Boxing

Roy Jones Jr. Prepared for Anything Mike Tyson Throws His Way

Roy Jones Jr. is prepared to box. He also wants to put on a show. When he gets in the ring with the ever-unpredictable Mike Tyson in September, Jones Jr. said he will be prepared for anything Tyson throws his way.

Jones Jr. and Tyson are coming out of retirement

RELATED: George Foreman Concerned About Mike Tyson and Roy Jones Jr.

Roy Jones Jr. is 51 years old. He was enjoying his retirement after a stellar boxing career that saw him go 66-9 as a pro. He won his first 34 professional fights and went on to hold titles in four different weight classes. Now he’s about to fight another former heavyweight champion, Mike Tyson, in a battle of 50-plus-year-olds.

Recently, he got a phone call. “I’ve been trying to enjoy retirement, but people don’t seem to want to let me retire,” Jones said to ESPN. “They keep calling me, telling me that Mike wants to come back and that you’d be a great opponent for Mike. We always wanted to see it, but I would’ve preferred it back then. Tyson is a hell of a specimen still – still a problem to deal with. But at the same time, life is life, you only live once. You want to know what it’s like, you go in there and see. You still gotta see it.”

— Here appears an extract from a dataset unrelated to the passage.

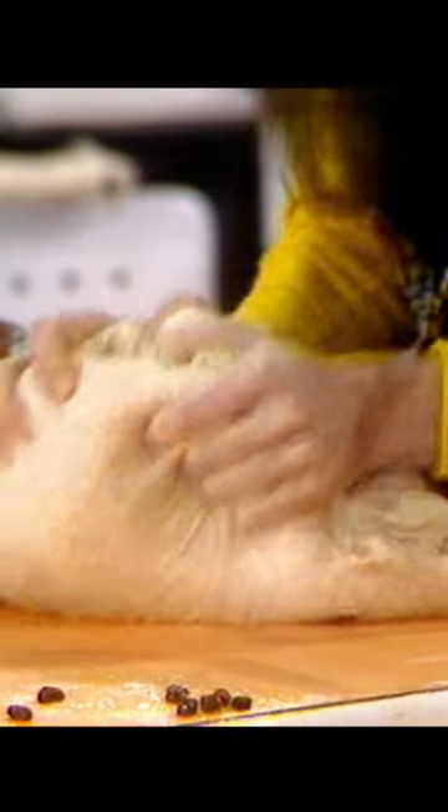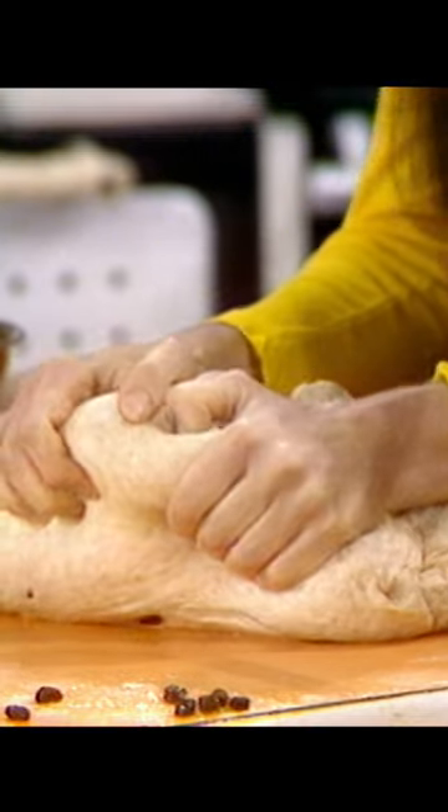Today, we'll be baking whole wheat raisin bread, and we'll be needing for that some whole wheat stone ground flour. The more you punch your bread, ladies, the higher it's going to rise — the higher it rises, and the lighter you feel.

The two are scheduled to meet on Sept 12 in an eight-round exhibition match. Tyson is 54 years old and appears to still be in great shape in some of the workout videos he has posted. “Just because we are 54, it doesn’t mean that we have to start a new career and our lives are totally over,” Tyson told ESPN. “Not when you feel as beautiful as I do, and I’m sure that other people feel the same way.”

Mike Tyson ready to go at 54

Mike Tyson may be the most powerful puncher in boxing history. He’s also very unpredictable. Former heavyweight boxing champion George Foreman expressed a little concern about two guys over 50 years old going at it in the ring.

Foreman, in an interview with TMZ Sports, said boxing is much different when you’re 50 years old. The punches are much more potent when you’re past your prime. “In my younger days, you get hit in the head, you shake it off and you come back,” Foreman said. “Whereas, when you get older and you get hit, it stays there for a month. You shake it off and the next time, it stays there for a year.”

Tyson said he believes his experience will outweigh any dangers. “We’re both accomplished fighters, we know how to take care of ourselves,” he said to ESPN. “It’s an eight-round exhibition. And, listen, we’ll be all right. Trust me, we can take care of ourselves.”

Jones Jr. ready for anything Tyson brings

In an ESPN article Tuesday, Roy Jones Jr. said he’s not sure exactly what to expect from Mike Tyson. With that in mind, he is prepping for anything. Jones Jr. is torn between being an entertainer and a boxer.

“For me, I know how to have fun in the ring and try to make it the best that I can make it,” Jones Jr. said. “But at the same time, Mike knows one way. It’s like playing with a pit bull pup. … He’ll play, but he’ll get lost because all he knows is (to) … go at it. So that’s all Mike knows — go at it. So I’ve got to be prepared for whatever Mike comes out with.”

Jones knows he has to be prepared for the Mike Tyson everyone once knew. “Because you’re dealing with Mike Tyson,” he said, “you’re at the mercy of Mike Tyson. If Mike decides to turn it on for five seconds, who’s going to save you? Nobody. So you better be ready to save yourself. You better be ready for it. You don’t know what Mike might do and you don’t know which Mike might come. Mike might get mad because he can’t hit you like he wants to.”